Paragraph 95 of the judgment refers to section 108 of the Housing Grants, Construction and Regeneration Act 1996 (‘1996 Act’), which entitles the parties to refer a dispute to adjudication ‘at any time’. Even so, the right to refer a dispute to adjudication did not arise ‘where a particular interim payment has been fixed by the default notice mechanism under the contract, as in this case’. In other words, Kersfield was not entitled to bring a second adjudication on the basis of its failure to comply with the payment notice provisions set out in the JCT contract.

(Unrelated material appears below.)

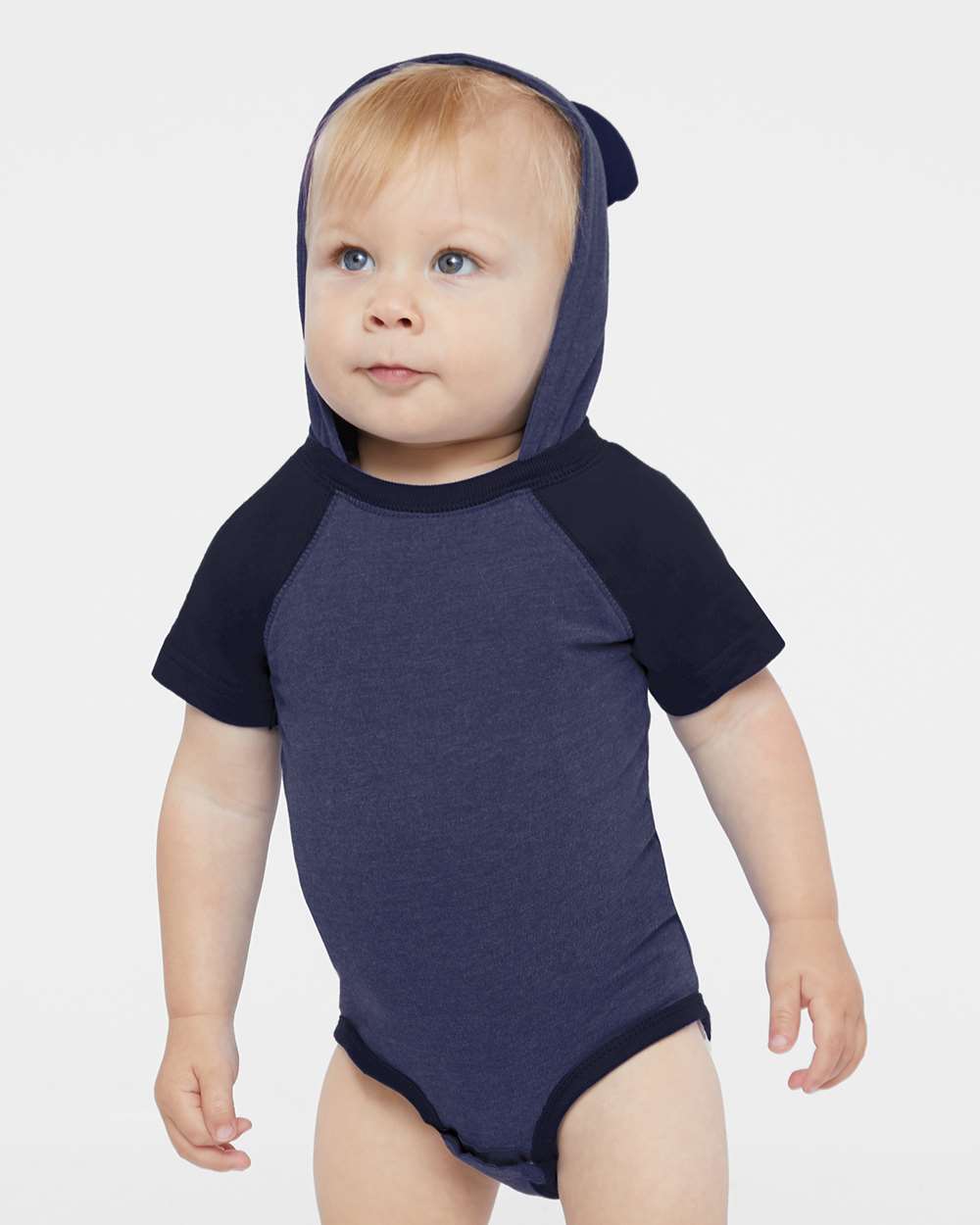 Rabbit Skins-4417-Fine Jersey Infant Short Sleeve Raglan Bodysuit with Hood & Ears - Image 17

In coming to this view, the Court provided the first guidance on the meaning of sections 111(8) and 111(9) of the 1996 Act. It concluded that s 111(8) only applied where a valid payment or pay less notice had been served and which disputed the sum owed by the paying party. Where no such payment/pay less notice had been served, then the paying party was obliged to pay the ‘notified sum’ set out in the default payment notice issued by the unpaid party, applying ISG Construction Ltd v Seevic College [2014] EWHC 4007 (TCC) and Galliford Try Building Ltd v Estura Ltd [2015] EWHC 412 (TCC).

The learned judge concluded that despite the wording of s 111(8)(b), which empowers an adjudicator to award ‘more than the sum specified in the notice’, this did not entitle him to open up and revise the payment/pay less notice itself. Section 111(9) provides for the speedy payment of any additional sum by the adjudicator, although this right arises from this freestanding statutory provision rather than any jurisdiction on the part of the adjudicator to revise payment notices.  

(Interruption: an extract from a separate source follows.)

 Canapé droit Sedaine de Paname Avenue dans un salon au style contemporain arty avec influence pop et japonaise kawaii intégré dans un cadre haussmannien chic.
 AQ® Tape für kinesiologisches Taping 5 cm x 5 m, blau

Interestingly, this analysis seems to be at odds with section 111(1), which requires payment of the notified sum (and presumably, nothing more). In particular, it leaves unanswered the questions: (a) on what basis can an adjudicator award more than the notified sum; and (b) how does he determine this additional sum? This uncertainty is magnified in light of recent decisions such as ISG v Seevic where it was held that in the absence of a payment notice the value of the works is determined by reference to the payment application. Although it was confined to the context of interim (as opposed to final) payments, the contractor’s strict entitlement to be paid for the works as valued in his payment applications was subsequently upheld in Galliford Try v Estura and Kilker Projects Ltd v Rob Purton [2016] EWHC 2616 (TCC), the latter judgment also from O’Farrell J (when sitting as a deputy High Court judge).

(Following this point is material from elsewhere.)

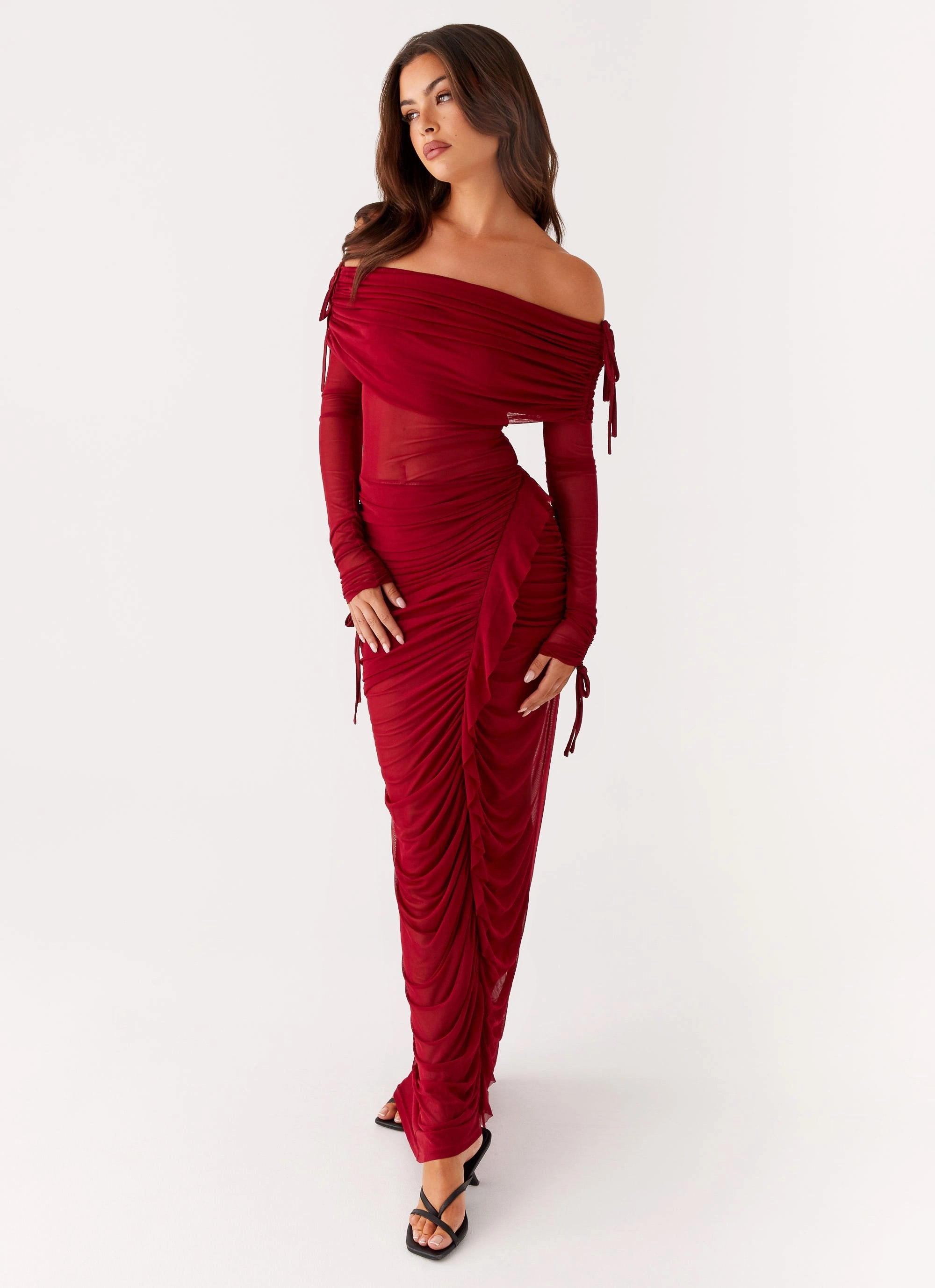 Teala Mesh Maxi Dress - Red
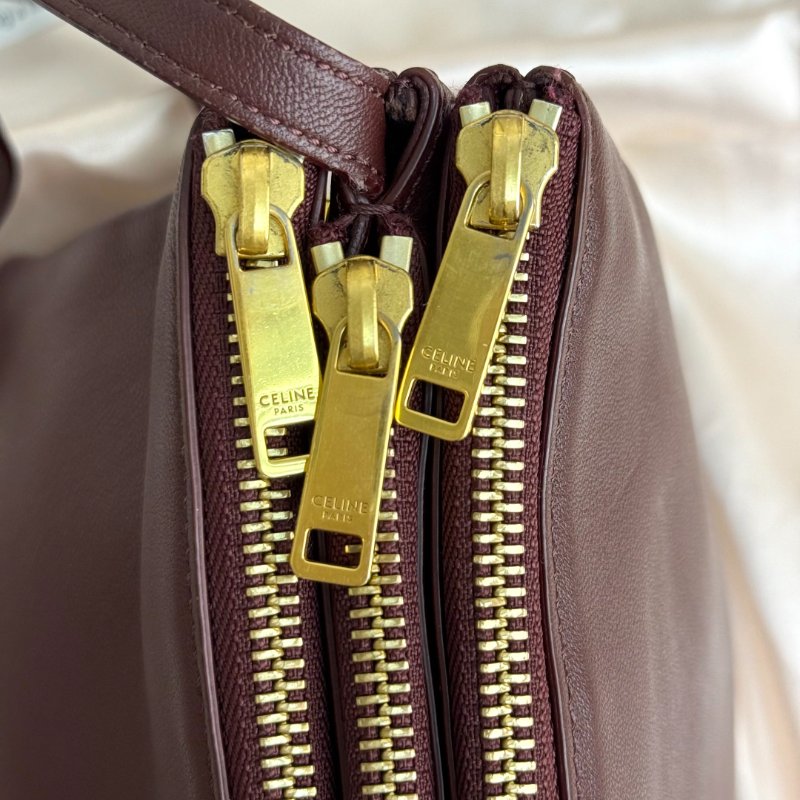 Celine TRIO光滑羊皮革手袋 羊皮拼牛皮-4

Accordingly, there appears to be a lacuna between the operation of sections 111(8) and (9) which the Court acknowledged did allow the adjudicator to award sums over and above the notified sum, and when in fact this power may be used. One interpretation is that the unpaid party may avail itself of these provisions only where there are ‘competing valuations…asserted by the parties’ (at [94]). Although the judge did not clarify what a situation involving competing valuations would look like, one sensible interpretation would be where the employer has served a payment or pay less notice in response to the contractor’s IPA.

The judgment in Kersfield should be welcome to practitioners in that it confirms the courts’ orthodox approach to enforcing adjudication decisions and only disturbing those findings in exceptional circumstances such as procedural unfairness (which, despite Kersfield arguing as much, was swiftly rejected). It does, however, also raise a few questions. In what circumstances can an adjudicator award more than the notified sum? How should such an additional sum be calculated? What exactly is meant by ‘competing valuations’? Does section 111 oust any term in a JCT contract which limits the contractor’s entitlement to the stated value of its payment application?

Many of these issues may soon be resolved as leave to appeal has been granted to the Court of Appeal. It is hoped that the Court will take this opportunity to help clarify the relationship between JCT provisions and the Construction Act 1996 in the context of adjudications, and in particular, whether they can still be quite so confidently described as ‘smash and grab’.